We are developing the social individualist meta-context for the future. From the very serious to the extremely frivolous... lets see what is on the mind of the Samizdata people.

Samizdata, derived from Samizdat /n. - a system of clandestine publication of banned literature in the USSR [Russ.,= self-publishing house]

Rights and wrongs

I hate sounding like a dried-up professor by insisting on going back to underlying concepts and definitions but in this case I will. One of the responses I received on my international ‘morality play’ was from Derk Lupinek and although he believes that we should attack Iraq and set up a democratic government, he didn’t think that we have any “responsibility” toward the Iraqi people.

It was his understanding of rights that intrigued me sufficiently to comment on it:

Rights are nothing but wishful thinking without the power to enforce them. The power of enforcement requires an emotional commitment on the part of many individuals. Each individual agrees to help enforce the rights of others and, in return, each individual gains the right to protection under the group’s power. The individual has this right because he contributes to the power that enforces the right. Individuals must contribute to the power that enforces rights or else they have no right to protection under that power. So, I think we can “call for freedom and progress for ourselves” and not feel obligated to kill ourselves helping other countries, especially when those people do not contribute to the preservation of our rights.

I detect a category fallacy in the above paragraph. The definition of a right as wishful thinking without the power to enforce it. So does it mean that where individual’s rights are abused and often cannot be enforced, they do not exist? A right is not a right unless it is enforceable and/or enforced? Just because some people do not wash, should we deny the existence of soap on the grounds of its ineffectiveness with the unwashed?

Which leads me nicely to the various concepts of rights. There are actually three versions at play here. One is the natural rights theory, which assigns inalienable rights to an individual by his/her virtue of being a human being. I will not go into assumptions behind this one here as it is a well-worn and therefore lengthy topic, suffice to say it is the one I subscribe to. That is why I cannot agree with Derk Lupinek’s subscription-based rights, whereby individual’s rights are defined arbitrarily by and within groups of individuals, and protected by a sort of social contract enforced by mutual consent.

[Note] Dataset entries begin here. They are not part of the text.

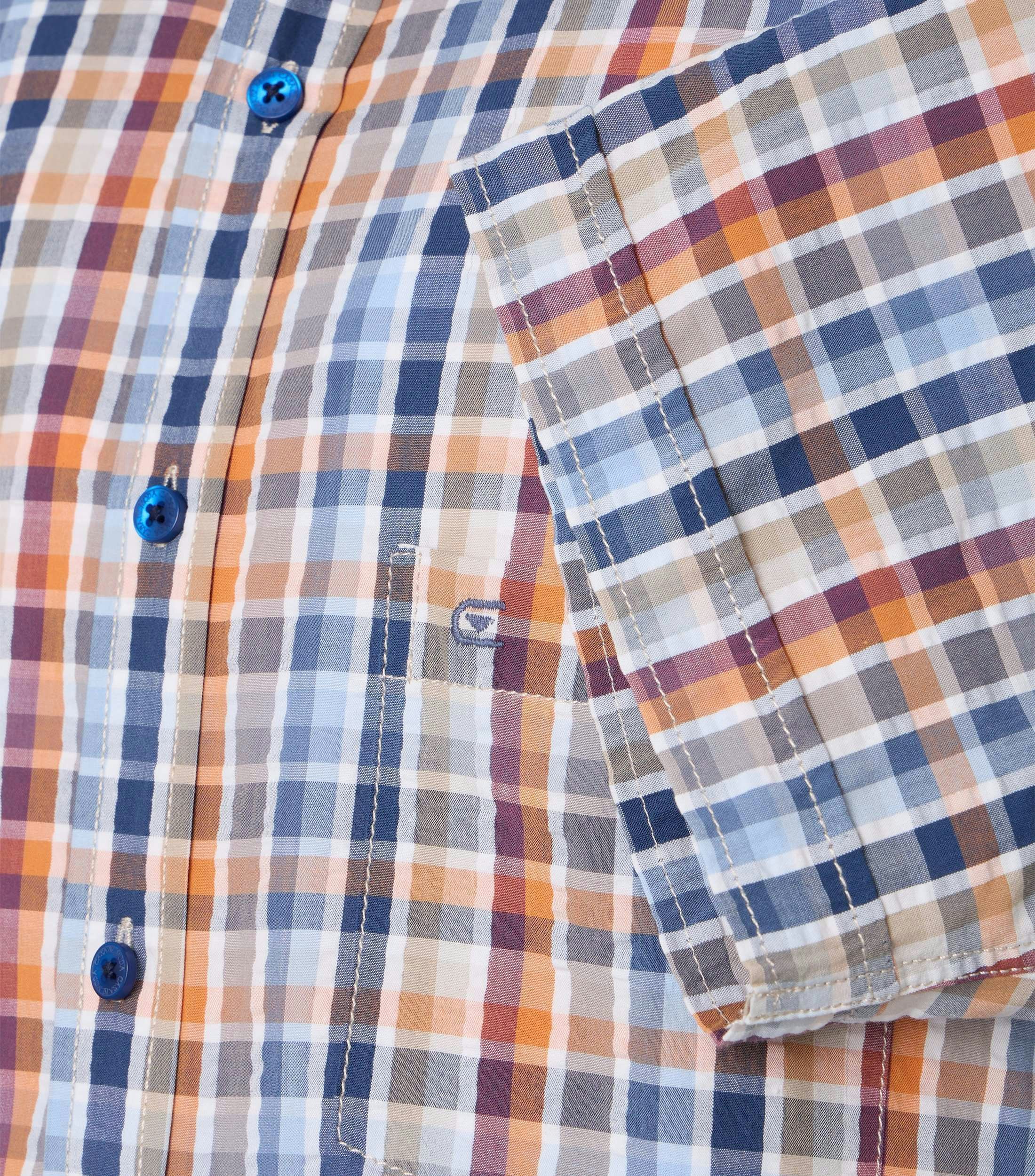 Ein Freizeithemd im kariert Muster in der Farbe Hellblau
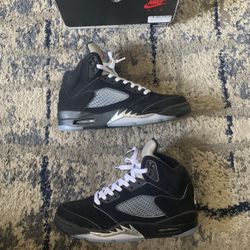 Jordan 5 Metallic Black Size 9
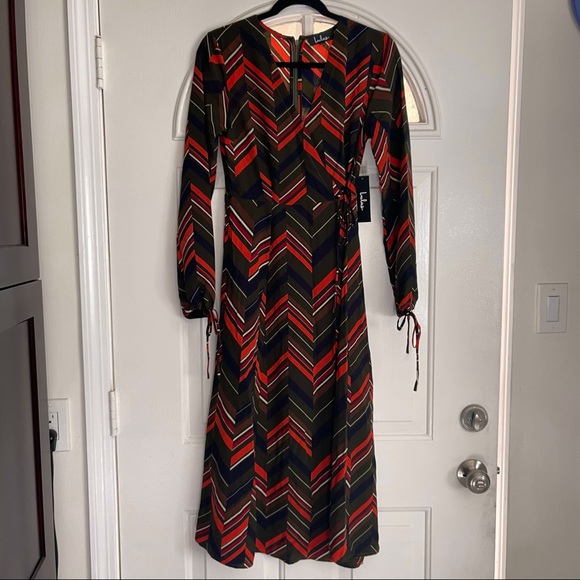 Dress - Picture 3 of 6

In my post on Western intervention in totalitarian regimes, however, I haven’t used either concept of rights, natural or positivist. I was merely thinking of the individuals trapped in totalitarian regimes who never had a choice to enter in any such agreement about either definition or protection of their rights. It is that freedom of choice I feel we have some sort of moral obligation to help them obtain. Not because they contribute to the power that enforces the right or because we are somehow legally or otherwise bound to do so.

Let me put it another way. Try to explain to a child being beaten up by a bunch of thugs, that he has no right to protection since he has not contributed to the power that enforces that right. If you can manage it, you may be consistent but not very humane.